Develop new Koza API + general refactoring#163
Merged
kevinschaper merged 55 commits intomainfrom Jul 10, 2025
Merged
Conversation
added 27 commits
January 10, 2025 13:01
Without making any changes to functionality, this separates a koza configuration into a ReaderConfiguration, TransformConfiguration, and WriterConfiguration, all contained within a KozaConfiguration.
The big changes are:
1. Taking in a JSON{,L}ReaderConfig object for all configuration
2. Defining iteration via `__iter__()` and `yield`
First, replaces the many named parameters with a single CSVReaderConfig object. Second, uses `__iter__()` and `yield` to define iteration. Third, refactors the header consumption and validation code, and wraps accessing the header in a property on the class.
This adds a new class: KozaRunner, which represents a new way of running Koza transforms. It is a work in progress and still not at feature parity with existing transforms. Essentially, the KozaRunner class takes three parameters: 1. Data (the data to be transformed) 2. A function to transform that data, either all at once or row-by-row 3. A writer that will do something with the transformed output See the documentation in src/koza/runner.py for more details.
This commit makes multiple changes to koza.io.utils.open_resource - Adds support for opening tar files. - Handles archives (zip and tar) in the same way that the old `file_archive` source configuration did: it assumes all files in an archive are of the same format (CSV, JSONL, etc.). It will likely be future work to allow a way to specify that only certain files in an archive should be handled. - Adds more robust checking for gzip compression than checking for a `.gz` extension. - open_resource() now returns one or more SizedResource objects that indicate the size of the resource being opened, and a `.tell()` method that indicates the position being read in that resource. This will be necessary to add some sort of progress bar in the future. - Resources downloaded from the Web now use the same logic as local files to check for compression/archives. - Importantly, the resources returned by `open_resource` *are not automatically closed*. This was inconsistent in the previous version. It is up to the consumer of the function to explicitly close resources. - Adds more tests for compressed and archival formats. - Small typing changes for other koza.io.utils functions, adding Optional where appropriate
This was not working correctly with the discriminated union field
I realized at some point that creating a map from a reader file is just a type of transform. This change in the configuration makes achieving that possible. A map transform is just a transform that relies on two additional configuration keys: `key` and `values`. To make passing those values in a YAML config possible, this commit makes it so that any extra fields in the configuration are parsed into an `extra_fields` field in a transform.

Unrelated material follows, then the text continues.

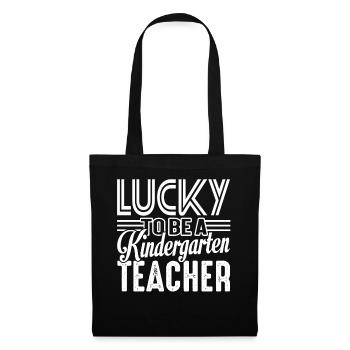 Lucky To Be A Kindergarten Teacher - Tote Bag - black - Front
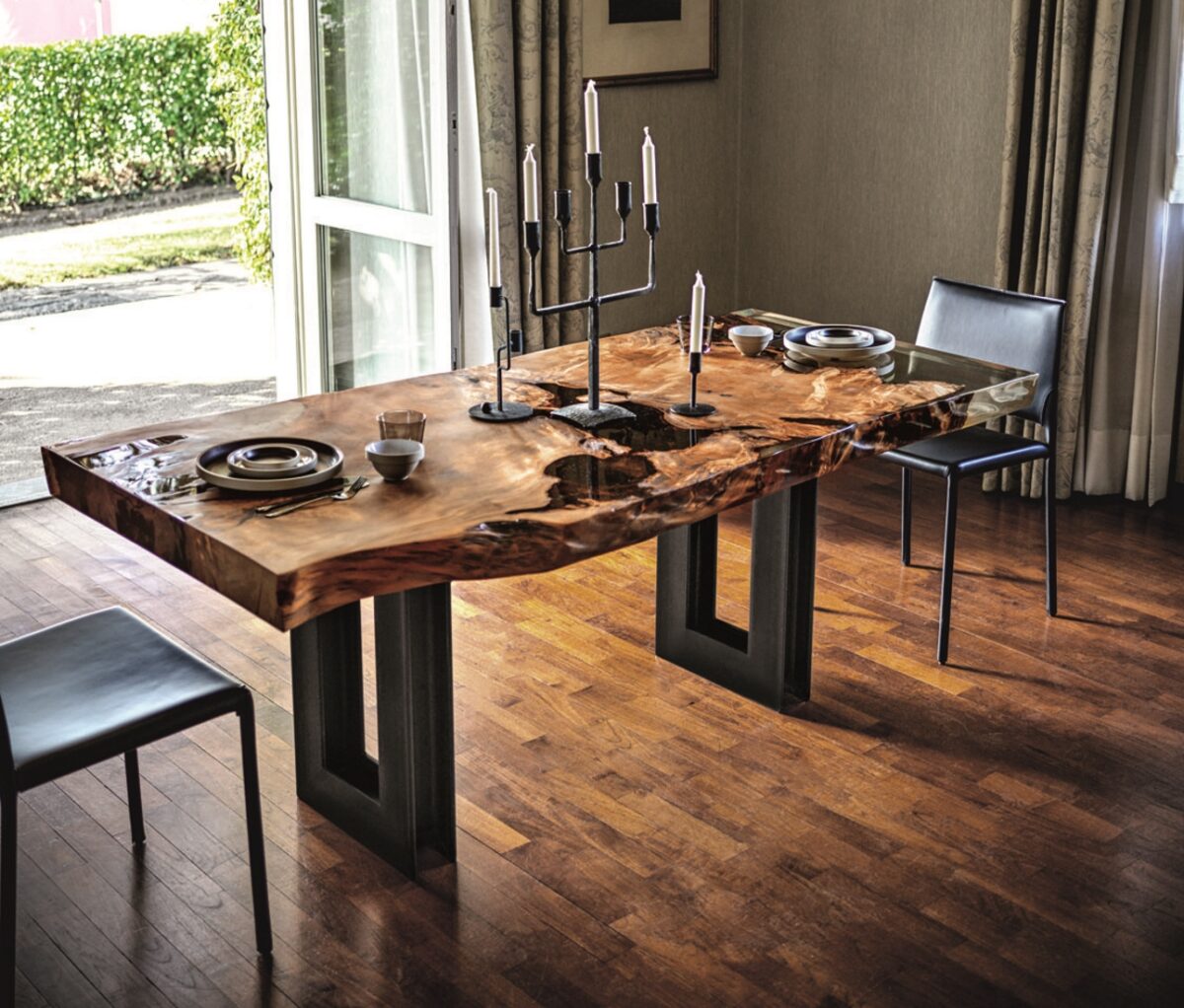 Riva1920 Beam Kauri Dining Table LIFESTYLE 02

This makes config creation more lenient. Note that this means it's possible to have an empty transform. The lack of a transform would be detected when a KozaRunner is run.
Also remove unnecessary `files=[]` calls, since that is the default as of eaff691.
This allows a transform to be defined as a module (resolvable from PATH), e.g. `mypackage.transforms.example_transform`, rather than having to defined it as a file (`/home/user/code/mypackage/transforms/example_transform.py`) This allows the possibility of creating generic transforms that can be packaged, installed, and re-used, without having to track down the filename of the python file where the transform code is located.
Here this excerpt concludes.